The White House has received the U.S. Environmental Protection Agency’s (EPA) proposal for broad emissions cuts for new cars and trucks through 2032.
The proposal was sent to the White House Office of Information and Regulatory Affairs and is being reviewed after more than 250,000 public comments were filed about it. In April last year, the EPA proposed requiring a 56% reduction in projected fleet average emissions over 2026MY requirements. This initial proposal would have also required automakers to produce 60% EVs by 2030 and 67% by 2032 in order to meet the requirements.
Last year, the Alliance for Automotive Innovation representing the likes of General Motors, VW, Toyota, Hyundai, and others called the proposal a “de facto battery electric vehicle mandate” and claimed the proposed standards would not be achievable “without substantially increasing the cost of all vehicles, reducing consumer choice and disadvantaging major portions of the U.S. population and territory.”
Reuters understands that the EPA will look to finalize its new emissions rules by March.
These new EPA rules aren’t the only thing concerning some carmakers.

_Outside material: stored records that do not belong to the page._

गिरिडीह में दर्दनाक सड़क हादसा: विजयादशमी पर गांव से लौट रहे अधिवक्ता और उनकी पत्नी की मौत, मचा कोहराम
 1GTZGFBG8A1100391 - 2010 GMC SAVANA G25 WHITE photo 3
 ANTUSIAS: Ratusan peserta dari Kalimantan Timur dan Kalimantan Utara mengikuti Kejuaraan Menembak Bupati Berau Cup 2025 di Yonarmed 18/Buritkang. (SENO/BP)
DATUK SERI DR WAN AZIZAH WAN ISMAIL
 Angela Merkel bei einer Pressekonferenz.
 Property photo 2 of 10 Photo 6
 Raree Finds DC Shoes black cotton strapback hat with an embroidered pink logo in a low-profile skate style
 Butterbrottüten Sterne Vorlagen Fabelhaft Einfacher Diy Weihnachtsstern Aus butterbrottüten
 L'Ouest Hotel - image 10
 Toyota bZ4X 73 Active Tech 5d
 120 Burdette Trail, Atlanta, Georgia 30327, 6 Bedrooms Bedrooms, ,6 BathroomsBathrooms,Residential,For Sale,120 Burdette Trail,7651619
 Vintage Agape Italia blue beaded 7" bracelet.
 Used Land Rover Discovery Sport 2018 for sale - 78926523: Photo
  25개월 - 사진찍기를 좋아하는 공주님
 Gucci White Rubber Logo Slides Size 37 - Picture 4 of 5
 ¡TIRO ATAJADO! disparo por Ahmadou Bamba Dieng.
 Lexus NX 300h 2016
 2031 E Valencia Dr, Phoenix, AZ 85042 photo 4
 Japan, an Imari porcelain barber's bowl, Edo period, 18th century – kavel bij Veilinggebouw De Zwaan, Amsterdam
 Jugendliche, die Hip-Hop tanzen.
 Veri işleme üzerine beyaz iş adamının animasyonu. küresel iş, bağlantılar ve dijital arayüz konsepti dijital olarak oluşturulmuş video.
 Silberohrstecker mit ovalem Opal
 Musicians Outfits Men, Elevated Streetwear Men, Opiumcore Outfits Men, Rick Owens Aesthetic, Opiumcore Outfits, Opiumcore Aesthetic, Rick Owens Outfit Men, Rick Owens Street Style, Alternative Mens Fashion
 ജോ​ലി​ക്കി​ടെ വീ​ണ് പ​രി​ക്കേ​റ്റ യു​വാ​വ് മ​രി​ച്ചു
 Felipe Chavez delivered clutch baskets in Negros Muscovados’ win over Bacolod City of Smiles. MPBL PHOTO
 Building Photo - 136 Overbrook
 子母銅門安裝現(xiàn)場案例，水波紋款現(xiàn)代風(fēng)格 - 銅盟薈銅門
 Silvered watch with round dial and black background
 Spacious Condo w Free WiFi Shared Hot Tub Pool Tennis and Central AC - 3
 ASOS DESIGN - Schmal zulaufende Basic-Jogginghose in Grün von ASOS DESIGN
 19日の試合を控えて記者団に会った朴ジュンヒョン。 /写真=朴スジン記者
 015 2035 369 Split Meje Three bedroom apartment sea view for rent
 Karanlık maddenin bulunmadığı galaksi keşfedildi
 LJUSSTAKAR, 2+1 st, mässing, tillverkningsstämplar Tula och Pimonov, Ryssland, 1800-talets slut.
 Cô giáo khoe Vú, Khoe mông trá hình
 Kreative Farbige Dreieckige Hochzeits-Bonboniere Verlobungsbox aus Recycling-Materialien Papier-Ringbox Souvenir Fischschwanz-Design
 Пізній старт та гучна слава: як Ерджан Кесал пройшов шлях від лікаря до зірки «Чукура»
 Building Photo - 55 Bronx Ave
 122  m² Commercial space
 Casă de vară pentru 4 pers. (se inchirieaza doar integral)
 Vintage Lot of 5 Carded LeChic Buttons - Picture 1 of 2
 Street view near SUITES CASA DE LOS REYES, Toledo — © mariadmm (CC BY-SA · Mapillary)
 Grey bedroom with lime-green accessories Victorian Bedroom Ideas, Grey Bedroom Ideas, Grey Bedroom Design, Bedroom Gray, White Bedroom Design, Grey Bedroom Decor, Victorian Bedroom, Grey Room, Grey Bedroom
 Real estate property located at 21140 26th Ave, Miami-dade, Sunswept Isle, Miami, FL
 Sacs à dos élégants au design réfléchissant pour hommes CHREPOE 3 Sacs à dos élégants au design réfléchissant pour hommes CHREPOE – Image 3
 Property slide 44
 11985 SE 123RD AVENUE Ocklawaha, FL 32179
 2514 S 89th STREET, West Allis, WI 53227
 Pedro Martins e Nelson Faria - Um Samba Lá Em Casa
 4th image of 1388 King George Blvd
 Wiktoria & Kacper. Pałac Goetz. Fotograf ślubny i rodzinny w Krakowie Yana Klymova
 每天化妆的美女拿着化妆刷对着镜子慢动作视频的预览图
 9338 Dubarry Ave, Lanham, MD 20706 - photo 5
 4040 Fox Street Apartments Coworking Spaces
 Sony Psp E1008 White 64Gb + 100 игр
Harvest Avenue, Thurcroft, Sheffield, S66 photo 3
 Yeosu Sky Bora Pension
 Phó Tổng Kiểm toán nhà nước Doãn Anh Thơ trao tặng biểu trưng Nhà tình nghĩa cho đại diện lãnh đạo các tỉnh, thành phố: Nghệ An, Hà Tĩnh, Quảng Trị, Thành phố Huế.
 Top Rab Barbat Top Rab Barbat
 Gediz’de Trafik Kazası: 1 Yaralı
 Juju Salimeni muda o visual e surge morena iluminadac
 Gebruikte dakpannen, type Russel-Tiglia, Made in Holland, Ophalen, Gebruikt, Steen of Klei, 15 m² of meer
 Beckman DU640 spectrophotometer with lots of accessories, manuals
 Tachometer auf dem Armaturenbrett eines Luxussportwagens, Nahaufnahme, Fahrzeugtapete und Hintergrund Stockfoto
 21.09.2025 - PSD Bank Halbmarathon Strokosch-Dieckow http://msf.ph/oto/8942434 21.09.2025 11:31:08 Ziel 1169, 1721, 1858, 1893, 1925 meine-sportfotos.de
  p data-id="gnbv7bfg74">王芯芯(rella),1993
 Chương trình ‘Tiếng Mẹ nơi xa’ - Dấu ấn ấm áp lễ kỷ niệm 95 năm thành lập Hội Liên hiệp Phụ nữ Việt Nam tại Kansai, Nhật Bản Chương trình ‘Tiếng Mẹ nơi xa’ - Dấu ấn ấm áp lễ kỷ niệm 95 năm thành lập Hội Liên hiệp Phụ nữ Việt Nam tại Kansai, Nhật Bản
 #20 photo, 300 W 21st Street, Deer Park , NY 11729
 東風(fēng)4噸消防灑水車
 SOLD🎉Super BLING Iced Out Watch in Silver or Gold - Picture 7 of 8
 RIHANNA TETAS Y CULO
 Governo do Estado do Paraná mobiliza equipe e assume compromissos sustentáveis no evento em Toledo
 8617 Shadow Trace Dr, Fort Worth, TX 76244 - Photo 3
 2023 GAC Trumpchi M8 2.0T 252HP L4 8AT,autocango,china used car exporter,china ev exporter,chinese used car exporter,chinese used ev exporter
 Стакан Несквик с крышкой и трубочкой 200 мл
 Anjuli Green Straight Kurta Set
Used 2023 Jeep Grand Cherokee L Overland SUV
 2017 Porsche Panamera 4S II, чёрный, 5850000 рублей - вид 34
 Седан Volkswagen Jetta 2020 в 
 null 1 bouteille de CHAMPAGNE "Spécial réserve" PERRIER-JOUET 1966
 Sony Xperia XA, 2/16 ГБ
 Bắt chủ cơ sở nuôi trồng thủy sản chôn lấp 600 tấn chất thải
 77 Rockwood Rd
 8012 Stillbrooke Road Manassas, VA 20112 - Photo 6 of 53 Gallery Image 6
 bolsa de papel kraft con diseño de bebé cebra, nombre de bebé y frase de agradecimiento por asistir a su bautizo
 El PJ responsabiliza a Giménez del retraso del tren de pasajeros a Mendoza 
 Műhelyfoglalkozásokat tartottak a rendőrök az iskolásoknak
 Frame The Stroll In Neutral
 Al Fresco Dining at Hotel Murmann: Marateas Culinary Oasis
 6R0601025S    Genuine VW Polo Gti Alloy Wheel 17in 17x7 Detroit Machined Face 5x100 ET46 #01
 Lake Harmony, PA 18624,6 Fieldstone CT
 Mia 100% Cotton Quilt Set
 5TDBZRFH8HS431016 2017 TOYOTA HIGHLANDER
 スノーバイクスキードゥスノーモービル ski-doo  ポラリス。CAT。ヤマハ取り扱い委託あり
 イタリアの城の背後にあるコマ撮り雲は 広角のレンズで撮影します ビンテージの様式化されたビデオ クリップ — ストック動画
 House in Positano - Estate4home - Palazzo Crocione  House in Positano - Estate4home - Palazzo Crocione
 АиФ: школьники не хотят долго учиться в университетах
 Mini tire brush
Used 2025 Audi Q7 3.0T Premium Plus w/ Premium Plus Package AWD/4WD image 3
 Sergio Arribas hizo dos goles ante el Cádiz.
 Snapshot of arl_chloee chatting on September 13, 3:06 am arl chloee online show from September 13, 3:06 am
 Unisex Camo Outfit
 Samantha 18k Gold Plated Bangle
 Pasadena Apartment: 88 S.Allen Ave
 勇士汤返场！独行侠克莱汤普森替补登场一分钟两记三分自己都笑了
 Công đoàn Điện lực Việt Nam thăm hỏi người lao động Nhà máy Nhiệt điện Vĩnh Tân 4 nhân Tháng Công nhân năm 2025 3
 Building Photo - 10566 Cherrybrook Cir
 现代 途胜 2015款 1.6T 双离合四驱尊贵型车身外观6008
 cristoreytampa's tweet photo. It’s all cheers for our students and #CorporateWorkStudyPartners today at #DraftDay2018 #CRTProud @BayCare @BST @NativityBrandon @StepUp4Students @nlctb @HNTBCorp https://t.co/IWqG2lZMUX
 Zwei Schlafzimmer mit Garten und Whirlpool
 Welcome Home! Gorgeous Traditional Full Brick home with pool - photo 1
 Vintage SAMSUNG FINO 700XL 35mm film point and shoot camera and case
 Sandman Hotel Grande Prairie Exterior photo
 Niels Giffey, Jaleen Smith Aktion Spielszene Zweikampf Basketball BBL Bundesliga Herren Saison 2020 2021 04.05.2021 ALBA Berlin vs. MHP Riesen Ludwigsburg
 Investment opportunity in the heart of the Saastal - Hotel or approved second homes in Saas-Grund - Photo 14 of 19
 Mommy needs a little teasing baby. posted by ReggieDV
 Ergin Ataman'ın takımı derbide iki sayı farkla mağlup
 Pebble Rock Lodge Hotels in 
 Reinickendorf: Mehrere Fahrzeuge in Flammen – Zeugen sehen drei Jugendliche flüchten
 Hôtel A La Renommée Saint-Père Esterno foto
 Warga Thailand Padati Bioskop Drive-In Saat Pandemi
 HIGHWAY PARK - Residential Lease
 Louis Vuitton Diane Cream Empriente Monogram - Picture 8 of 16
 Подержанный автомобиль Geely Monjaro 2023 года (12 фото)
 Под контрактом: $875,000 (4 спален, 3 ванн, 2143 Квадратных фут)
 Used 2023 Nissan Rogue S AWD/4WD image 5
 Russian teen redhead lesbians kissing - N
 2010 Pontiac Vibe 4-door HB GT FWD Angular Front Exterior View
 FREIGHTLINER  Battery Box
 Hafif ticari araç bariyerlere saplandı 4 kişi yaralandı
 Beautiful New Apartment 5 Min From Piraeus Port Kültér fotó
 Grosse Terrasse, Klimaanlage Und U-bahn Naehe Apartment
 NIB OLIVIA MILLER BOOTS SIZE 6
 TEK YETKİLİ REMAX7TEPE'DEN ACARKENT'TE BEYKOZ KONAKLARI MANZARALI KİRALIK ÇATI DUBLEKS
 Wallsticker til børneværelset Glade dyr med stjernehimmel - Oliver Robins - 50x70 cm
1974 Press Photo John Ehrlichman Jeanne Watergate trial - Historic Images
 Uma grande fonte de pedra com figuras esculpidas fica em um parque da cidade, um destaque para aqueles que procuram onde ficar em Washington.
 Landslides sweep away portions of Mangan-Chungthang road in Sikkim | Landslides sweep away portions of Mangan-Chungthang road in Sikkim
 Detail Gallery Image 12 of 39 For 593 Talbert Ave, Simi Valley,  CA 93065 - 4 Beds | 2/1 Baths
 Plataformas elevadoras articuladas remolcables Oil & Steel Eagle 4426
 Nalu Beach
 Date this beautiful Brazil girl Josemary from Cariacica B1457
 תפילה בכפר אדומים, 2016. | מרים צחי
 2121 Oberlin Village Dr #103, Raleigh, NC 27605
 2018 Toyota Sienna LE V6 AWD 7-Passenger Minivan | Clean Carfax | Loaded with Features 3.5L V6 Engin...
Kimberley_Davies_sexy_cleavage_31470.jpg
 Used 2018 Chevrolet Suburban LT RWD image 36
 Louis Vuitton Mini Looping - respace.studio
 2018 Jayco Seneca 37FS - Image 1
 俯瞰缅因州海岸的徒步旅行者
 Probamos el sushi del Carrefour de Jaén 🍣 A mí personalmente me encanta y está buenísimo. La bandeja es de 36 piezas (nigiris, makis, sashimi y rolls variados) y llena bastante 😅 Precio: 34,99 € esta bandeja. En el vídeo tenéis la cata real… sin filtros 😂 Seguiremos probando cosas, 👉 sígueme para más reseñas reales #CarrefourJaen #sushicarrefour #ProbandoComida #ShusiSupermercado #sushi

The Department of Transportation (DOT) and National Highway Traffic Safety Administration have proposed hiking Corporate Average Fuel Economy (CAFÉ) standards by 2032 to a fleet-wide average of 58 miles per gallon.
Read: U.S. Vehicles Set Record Fuel Economy, CO2 Hits All-Time Low In 2022
The Energy Department has separately proposed revising how electric vehicles are treated for compliance purposes in a move that some say could devalue EV fuel economy by as much as 72%.
While recently speaking on the complicated issue, Deputy Transportation Secretary Polly Trottenburg said the EPA, DOT, and Energy Department are ”certainly trying to talk to each other and figure out a way to do this.”